Benefits of Cyclical Work Rhythms

Working in a more cyclical way offers several benefits:

  • Human Thriving: Creating a balance between periods of work and nourishment that enable that work.
  • Better Tuning: Helping us better tune in to what the living world is doing, allowing us to listen to its feedback and learn from how it works.
  • Energy Alignment: Giving us the chance to align our work with times when there is more abundant energy available in the system.
  • Inclusivity: Honouring and tuning into the rhythms of many people who menstruate, acknowledging their natural cycles.

Introducing the Lunar Sprint

Working with cycles is already familiar to people who use agile ‘sprints’—short bursts of activity to deliver a specific output followed by a period of rest, mirroring how living systems operate. The concept of the lunar sprint is to take the agile sprint one step further and map it to a physical cycle—the lunar month.

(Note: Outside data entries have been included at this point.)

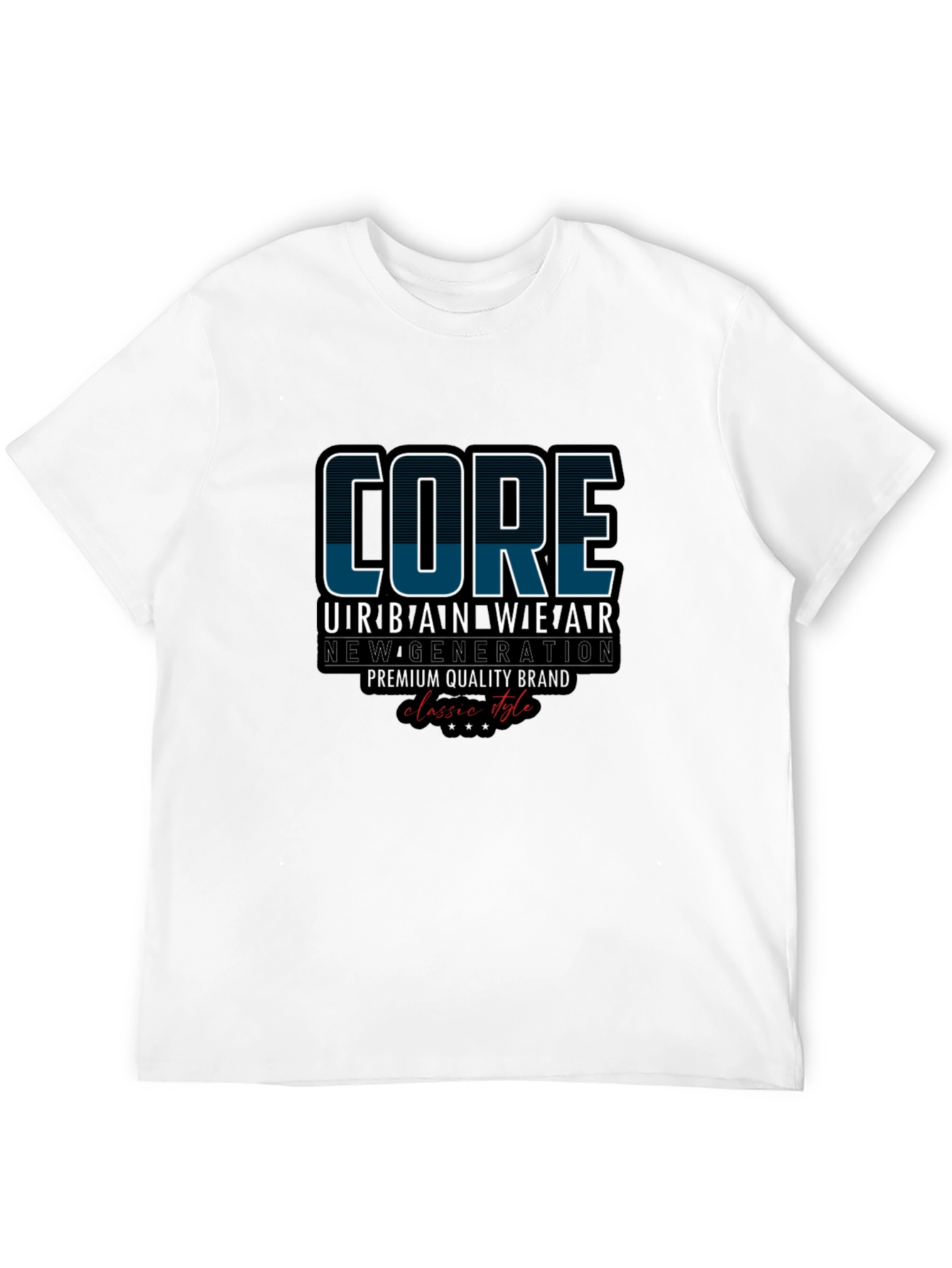 Core Urban Wear Black Graphic T-Shirt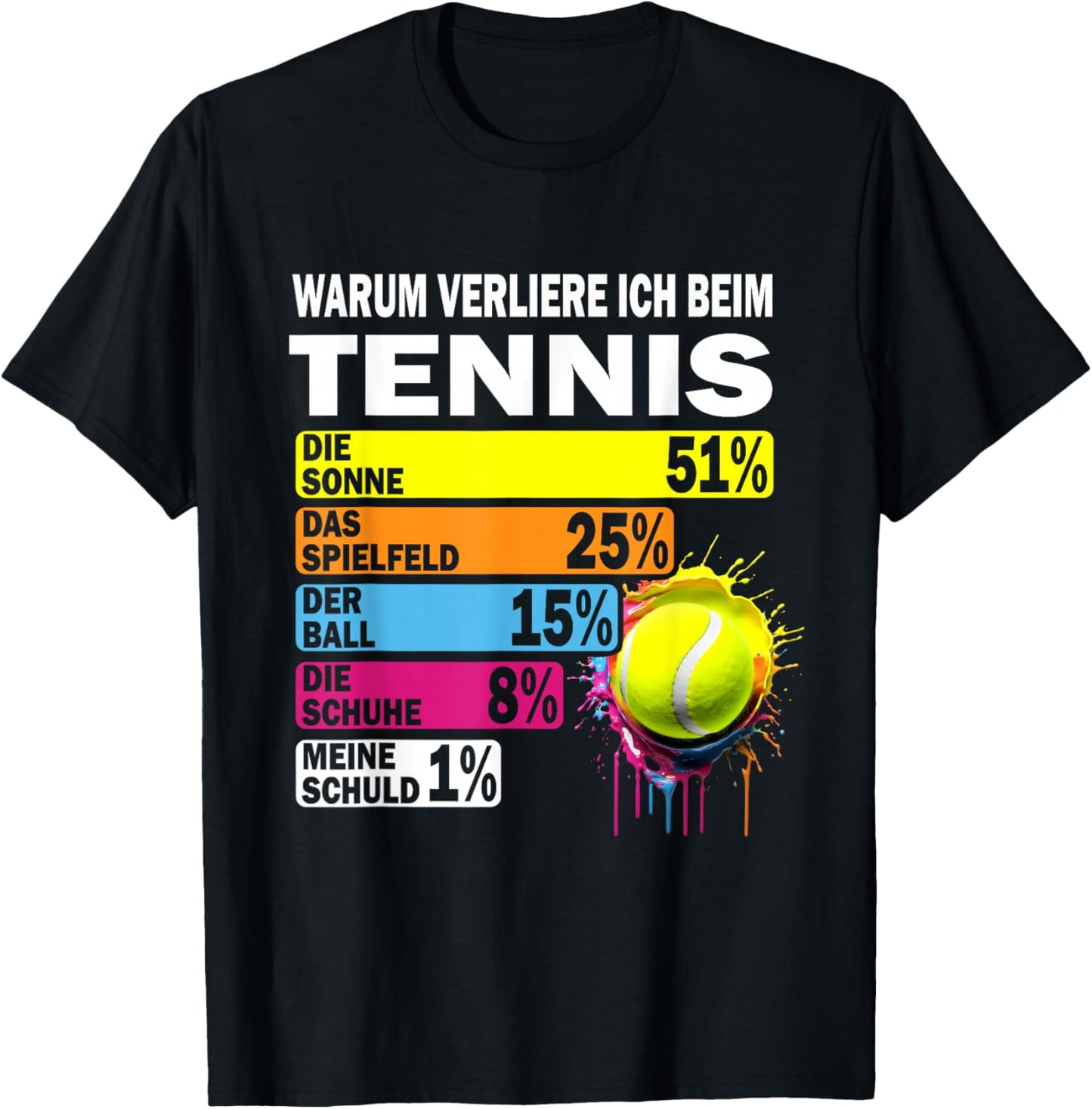 Tennis Motif Excuse Loser Training Tennis , black T-Shirt - T-Shirt | Black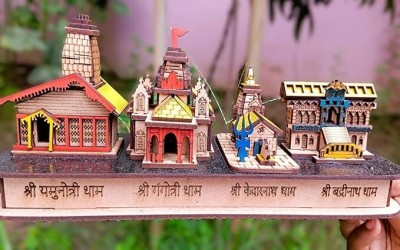 Haridwar Divine Model Wooden Chardham Beautiful Char Dham 3D Model Gift Item Decorative Showpiece  -  12 cm(Wood, Multicolor)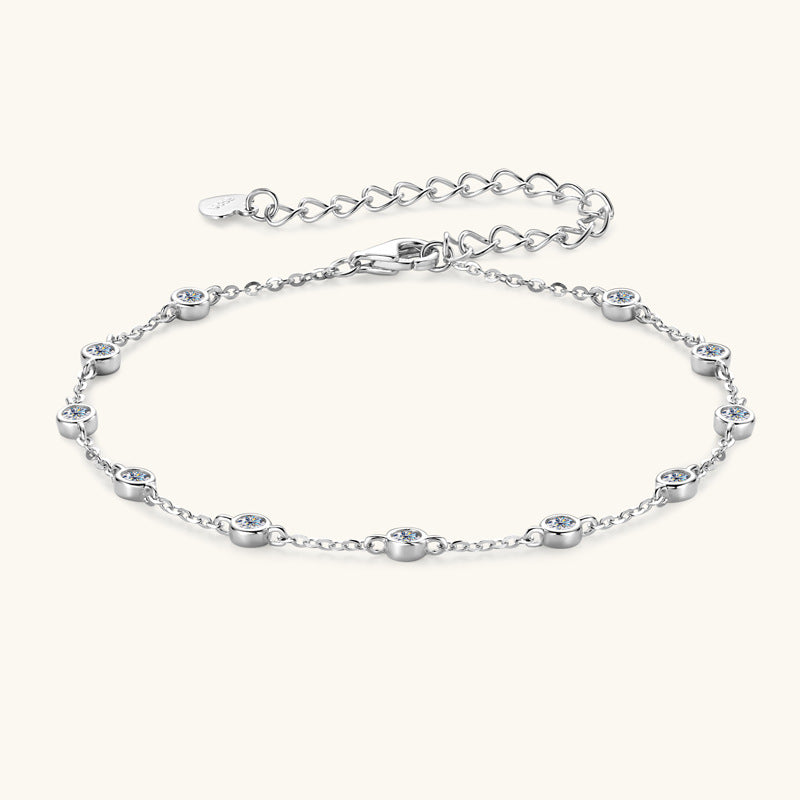 Bracelet Delicate Sterling Silver Moissanite Station Chain Bracelet with Adjustable Extender
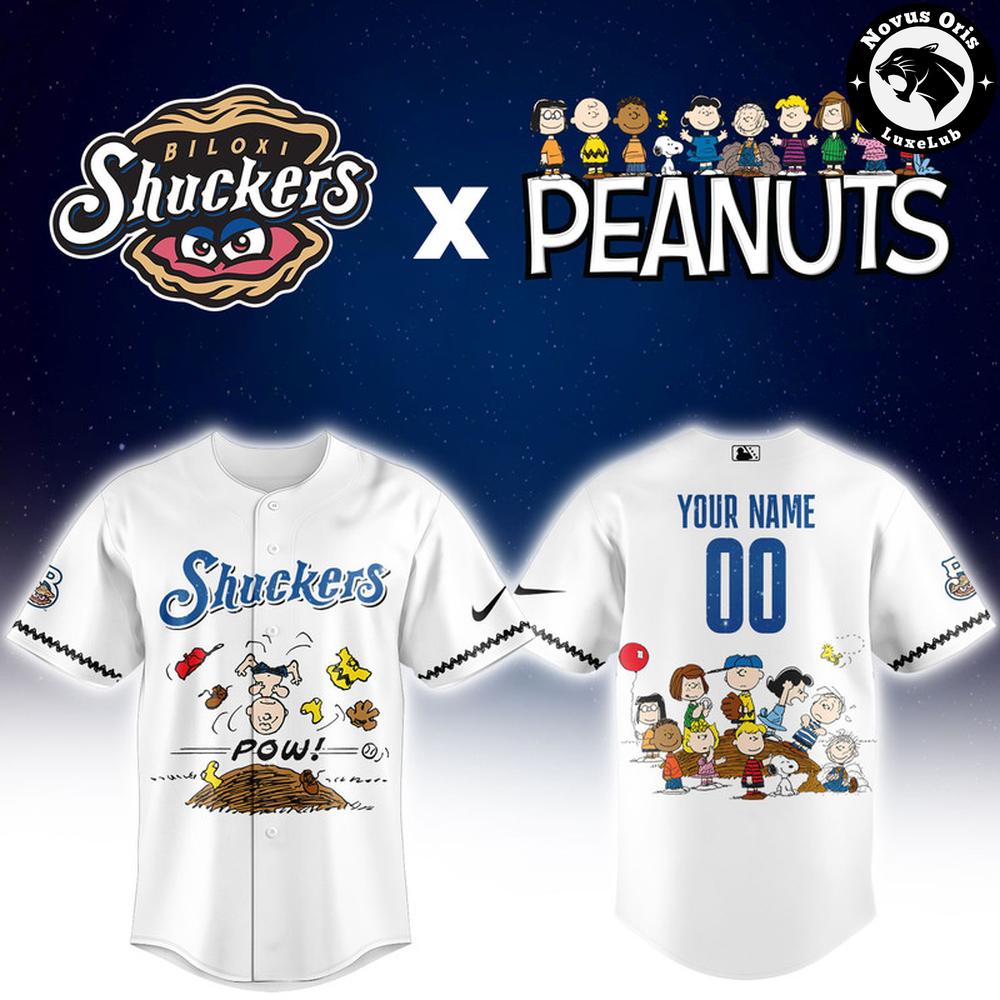 Biloxi Shuckers x Peanuts Night Limited Edition Baseball Jersey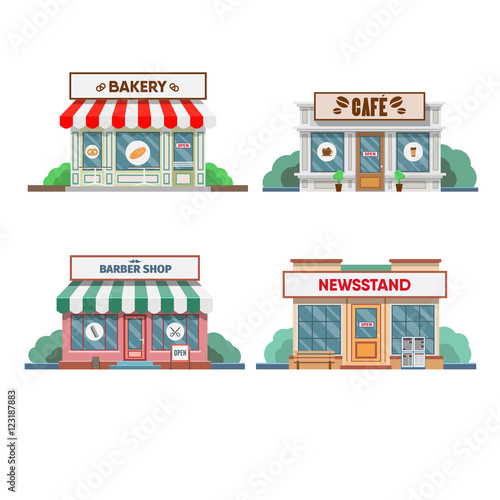 Flower shop, laundry, barber , bakery, newsstand, cafe facade in the town.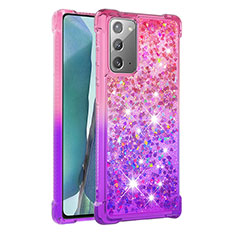 Silikon Hülle Handyhülle Gummi Schutzhülle Flexible Tasche Bling-Bling S02 für Samsung Galaxy Note 20 5G Pink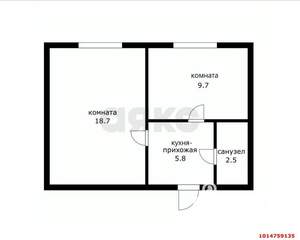1-к квартира, вторичка, 37м2, 1/2 этаж
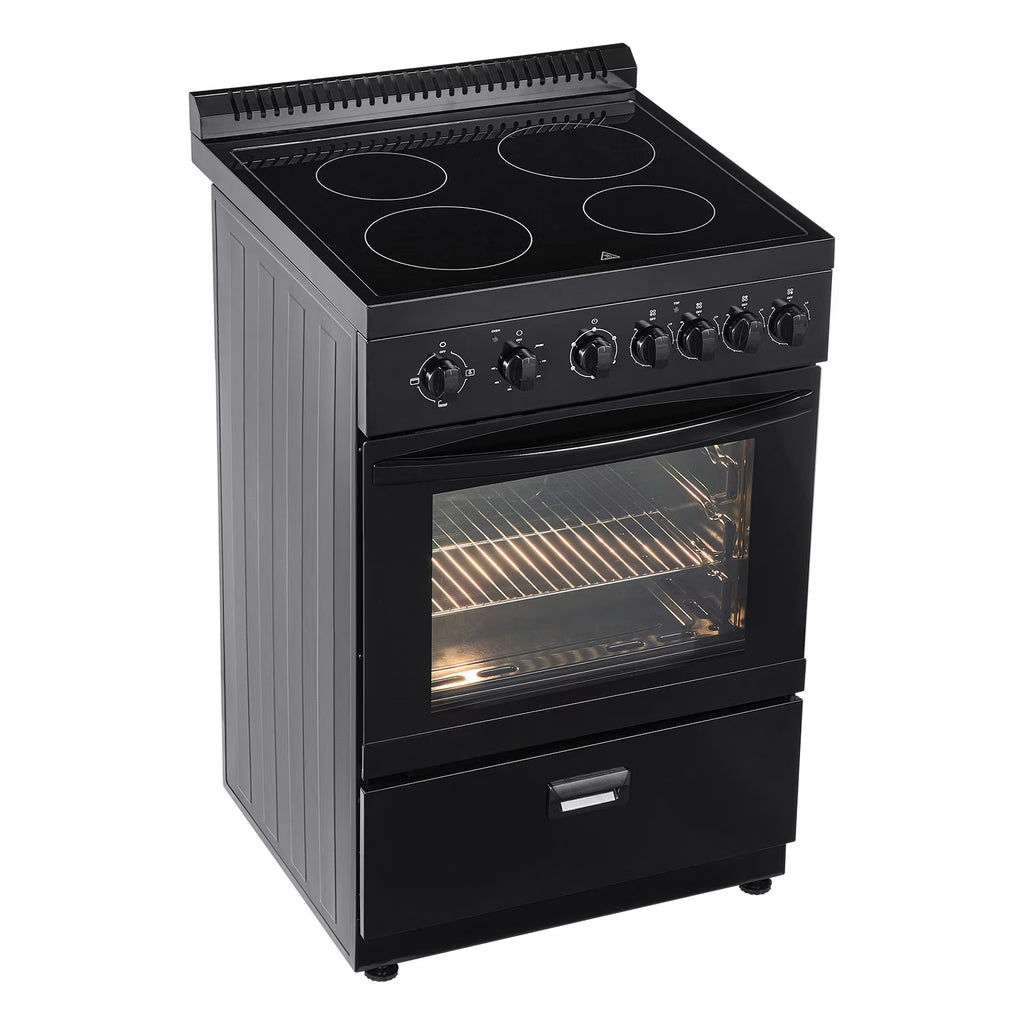 KFFKFF 24 - Inch Electric Range Oven, 2.7 Cu. Ft. Compact Freestanding Design, Stainless Steel Finish, Features 4 Burners, Adjustable Racks, Storage Drawer, Drip Pan, and Indicator Light, Black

The lunar sprint operates between two poles: the new moon, when we think about what is possible, and the full moon, which is showtime, the day when we present our work. Here’s how the cycle of design work could map out:

  1. New Moon – The time of greatest darkness. Time to gather stakeholders and imagine what is possible, what the next phase of work could deliver.
  2. Waxing Crescent – Starting to turn ideas into plans. Lining up the resources to do this cycle’s work.
  3. First Quarter – Focus on producing output. Peak production. Turn off the critical voice and amass ideas. Fill the Kalideascope.
  4. Waxing Gibbous – Starting to edit and improve.
  5. Full Moon – The time of greatest light, when there are no shadows on the moon. This is the time to go live, present your ideas, launch the product, etc.
  6. Waning Gibbous – Harvest, write up, share the outputs, gather feedback. Pay and get paid.
  7. Third Quarter – Give back to the system that enabled you to do the work. Teach, mentor. Sharpen the tools and tidy up.
  8. Waning Crescent – Nourish yourself, read, reflect on what you have done. Rest in readiness for the next cycle.
  9. And repeat.

Living in Tune with the Living World through Lunar Sprints

The lunar sprint includes many of the usual parts of a project process, balancing these with paying attention to nurturing the parts of the system that enable us to do our work. By linking this work to a physical cycle, it allows us to step into living in tune with the living world. It enables us, in the words of Daniel Wahl, ‘to live the question’ of What if we were to live like the rest of the living world?